Thursday, March 03, 2011

TPK brings Nga Hau e Wha into relief effort

Te Puni Kokori is setting up a second base in Christchurch, closer to the hard hit eastern suburbs.

The Maori ministry established its initial aid distribution centre at Rehua Marae on the edge of the CBD the day after last week's devastating earthquake.

But chief executive Leith Comer says most of the city's Maori families live in the east, which makes Nga Hau e Wha Marae a more suitable base for the task at hand.

“The main thing is for people whose power might be off or who might not be well is to door knock. A lot of the information is now being passed by the Maori wardens working with Ngai Tahu and some of our staff walking around the streets and knocking on doors. Hood information is gold both to the people who need the resources and the people who are trying to plan where those resources should go,” Mr Comer says.

The Nga Hau e Wha support centre will be up by tomorrow and working closely with the relief teams at Rehua Marae and Ngai Tahu's base at the former Wigram airforce base.


Many whanau in suburbs like Aranaui and Papanui are still waiting for help ... and information ... to arrive.

Debbie Tamaiparea-Graham, who lives next door to Nga Hau e Wha Marae, has lost her phone, although she still has power and water.

She's too scared to leave home, so her only contact with the outside world is through neighbours or her husband venturing out to get a newspaper.

Debbie Tamaiparea-Graham says what the people in Aranui really need right now are masks to protect them from the fine dust particles.


Maori academic Rawiri Tanui says as a group Maori will have been hardest hit by the Canterbury earthquake.

The former head of Maori and ethnic studies at Canterbury University says the history of New Zealand is that Maori have often borne the brunt of natural disasters.

“That's not wanting to minimize anything that’s happened to anyone else but simply Maori are poorer, they live in poorer areas, in more vulnerable areas, and that’s true in Christchurch, there’s a large Maori population in the east of Christchurch,” Mr Taonui says.

He says it's testament to the strength of the Maori rennaissance that tribal organisations led by Ngai Tahu are able to take a lead in coordinating relief in the eastern suburbs.


Te Runanga o Ngai Tahu's call centre is proving invaluable as Maori in the city struggle to contact relatives and seek assistance.

Manager David Perenara-O'Connell says experience setting up the 0800 KAITAHU number after the September earthquake meant it could be reactivated the day after last week's quake.

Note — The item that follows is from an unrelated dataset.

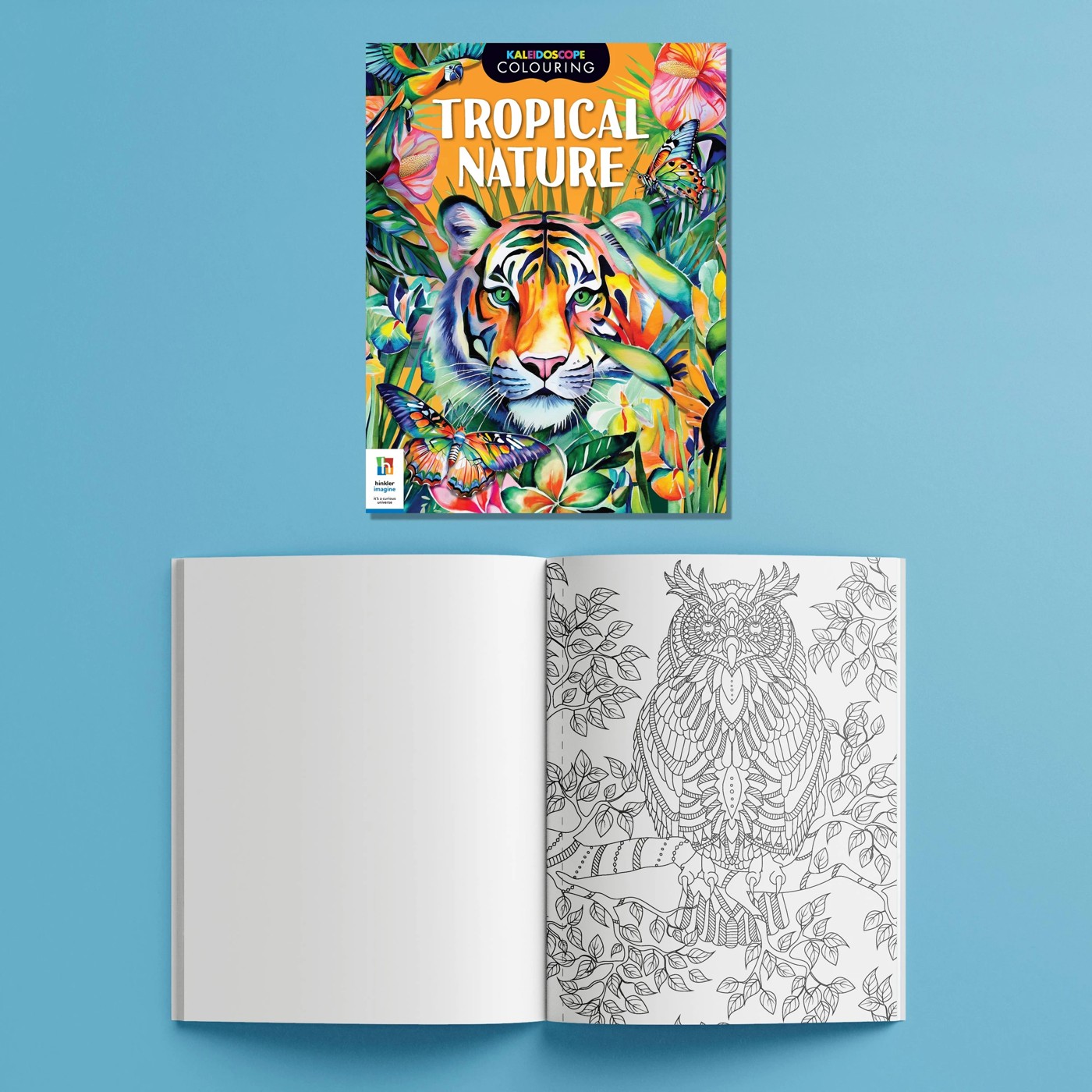 Kaleidoscope: Ultimate Amazing Animals Colouring Case - Book 4 of 6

He says while it can't take donations, it's a great coordination tool.

“We're at least taking a log of requests coming through from Ngai Tahu whanaui but also from iwi katoa and wider members of our community. As that number got out there and known it’s become busier doing everything from receiving direct calls from whanau on the ground looking for assistance through to ensuring marae have food available to provide for people staying there, food blankets, that type of thing,” Mr Perenara-O'Connell says.


The head of Christchurch's urban Maori authority says the earthquake has brought Christchurch's Maori population together after years of wrangling between mana whenua, taura here and urban Maori groups.

Norm Dewes is turning Nga Hau e Wha Marae in Aranui into a relief base.

He says all contributions are valuable.

“We don't want to think that Maori aren’t doing enough becuae the Maoir population has really rallied together and this is under the umbrella of the urban authority, under Te Runanga o Ngai Tahu as well. They have played a magnificent role in helping bring the Maori community together. There is going to be some real benefits out of this but it is sad it had to happen through an earthquake,” Mr Dewes says.

The doors of Nga Hau e Wha Marae will be open for everyone.


Meanwhile, one of Nga Hau e Wha's neighbours says help can't come soon enough for the people of Aranui.

Te Rina Anderson says the area was badly hit by liquefaction, and most houses on the street are still without power or water.

She says donations of food and water have only started in the past couple of days.

“I've actually pushed my mother off to Australia because if we have another big one I don’t want them here. All my family is scattering and we’re actually splitting up which kind of sucks for me but we’ve all got to get ourselves to safety,” Ms Anderson says.

She's looking for accommodation anywhere in the country for her and her two children.